Shaun O'Hara back under the knife

Posted by Andy BenoitS. O'Hara (US Presswire)

Though he made his third consecutive Pro Bowl, Giants center Shaun O’Hara actually had one of his worst seasons in 2010. The 33-year-old veteran battled injuries and played in just six games, struggling noticeably down the stretch.

This offseason has not been much smoother. According to ESPN New York’s Ohm Youngmisuk, O’Hara this week underwent his second surgery since the New Year. He had his left ankle and Achilles cleaned out. The operation was expected and not related to the January procedure in which O’Hara had two screws inserted in his right foot. The screws are there to stabilize a joint and enable a ligament to heal after it was damaged by last season’s Lisfranc injury.
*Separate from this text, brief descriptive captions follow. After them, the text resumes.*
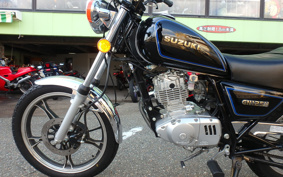 SUZUKI GN125 H PCJG9
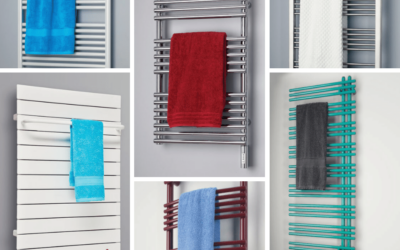 Hydronic vs. Electric Towel Radiators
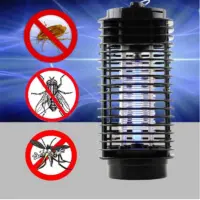 UV лампа против насекоми, Фенер против комари 3W - MosquitoLantern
O’Hara said at the beginning of March that doctors told him he’d start running again in mid-May.

Essentially everyone who snapped the ball to Eli Manning in 2010 is currently recovering from surgery. Guard Rich Seubert, who filled in at center when O’Hara was shelved, is rehabbing repaired ligament and tendon damage resulting from his dislocated kneecap. Backup Adam Koets is coming off a torn ACL.

It would be a surprise if the Giants don’t draft at least one interior lineman in April.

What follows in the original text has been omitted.